Start of RECORD EXTRACTS

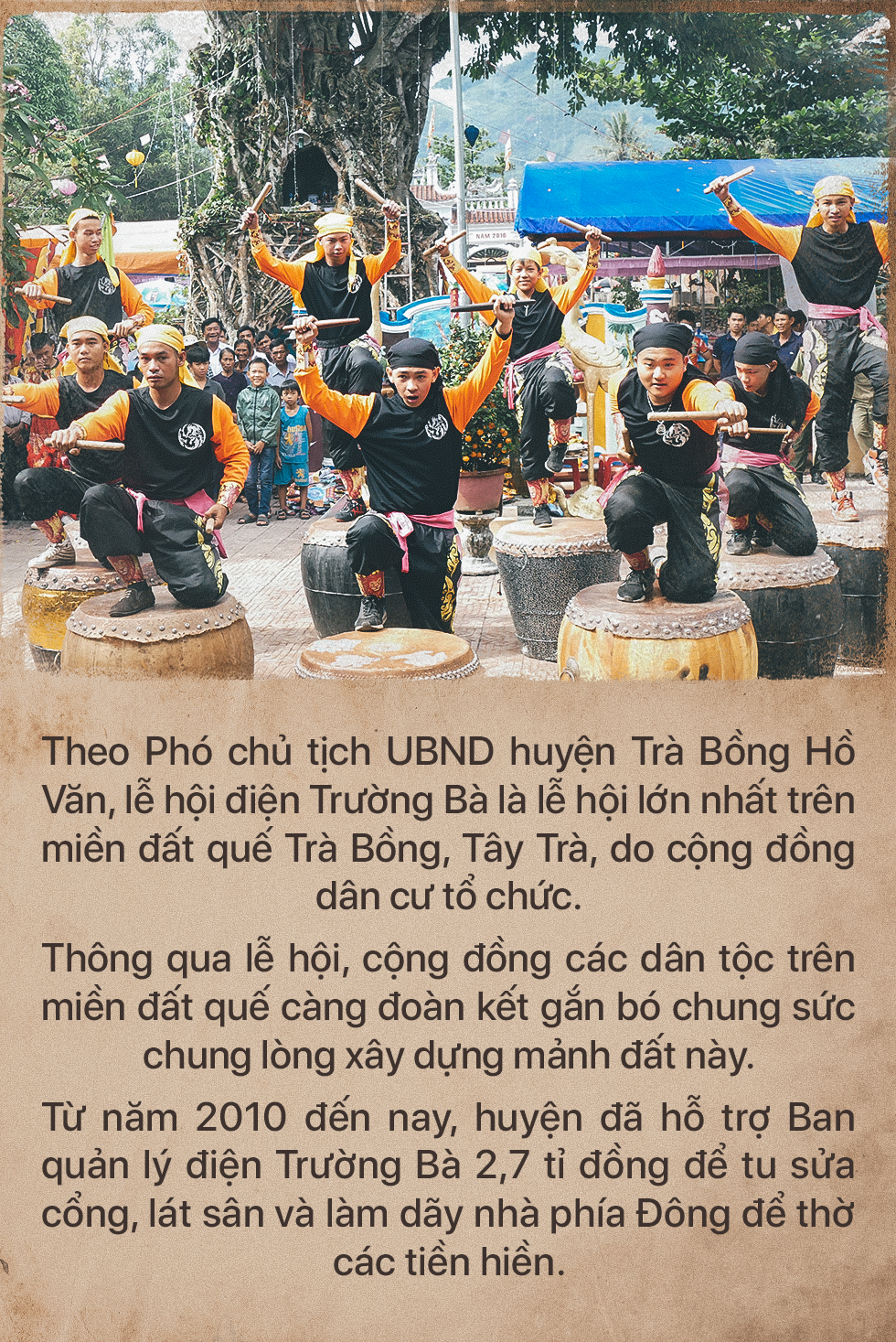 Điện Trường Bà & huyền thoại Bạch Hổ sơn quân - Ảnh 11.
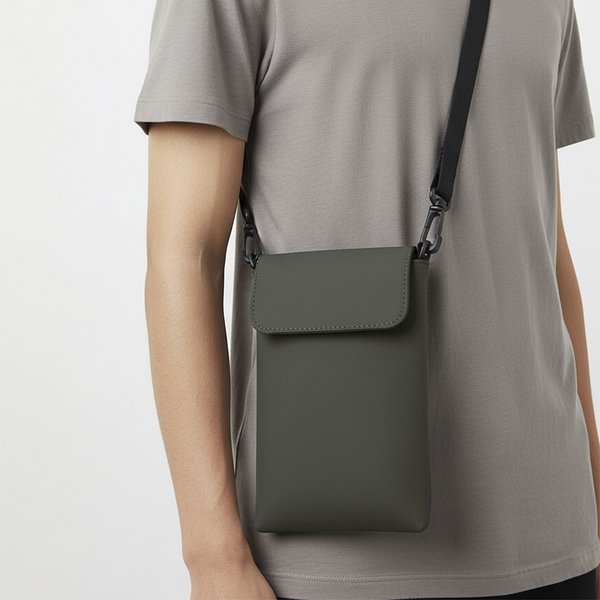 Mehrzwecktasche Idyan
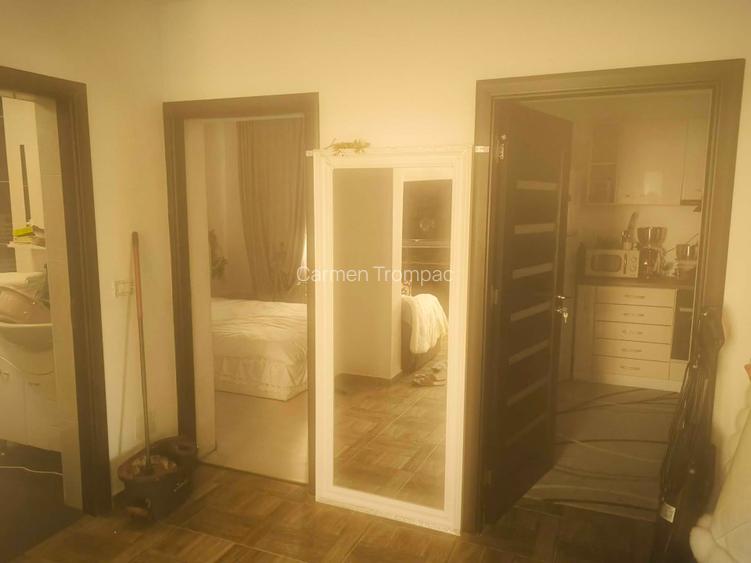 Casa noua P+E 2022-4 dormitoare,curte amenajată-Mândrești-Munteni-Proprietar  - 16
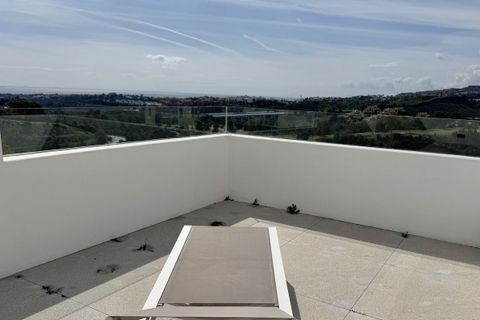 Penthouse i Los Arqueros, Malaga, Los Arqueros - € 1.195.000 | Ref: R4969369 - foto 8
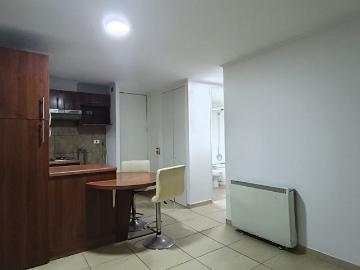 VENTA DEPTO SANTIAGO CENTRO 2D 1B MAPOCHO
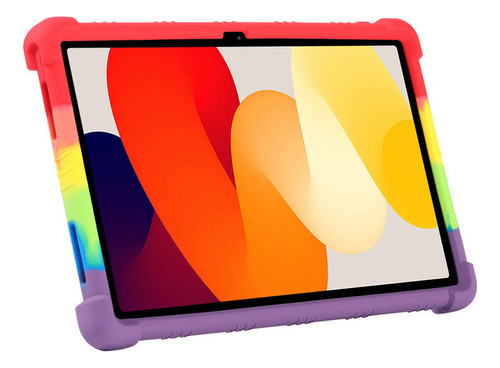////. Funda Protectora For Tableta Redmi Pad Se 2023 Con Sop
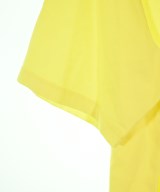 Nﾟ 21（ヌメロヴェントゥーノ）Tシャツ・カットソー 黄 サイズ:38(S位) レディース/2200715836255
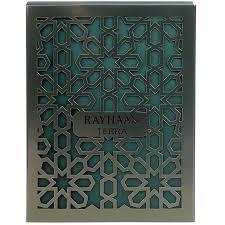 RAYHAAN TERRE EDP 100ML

End of RECORD EXTRACTS

■ **PROBLEM**
Copy out only the lines from the one containing "VENTA DEPTO SANTIAGO CENTRO 2D 1B MAPOCHO" to the end of the entries, unchanged. Drop the pictures.

■ **RESPONSE AREA**
 VENTA DEPTO SANTIAGO CENTRO 2D 1B MAPOCHO
////. Funda Protectora For Tableta Redmi Pad Se 2023 Con Sop
 Nﾟ 21（ヌメロヴェントゥーノ）Tシャツ・カットソー 黄 サイズ:38(S位) レディース/2200715836255
 RAYHAAN TERRE EDP 100ML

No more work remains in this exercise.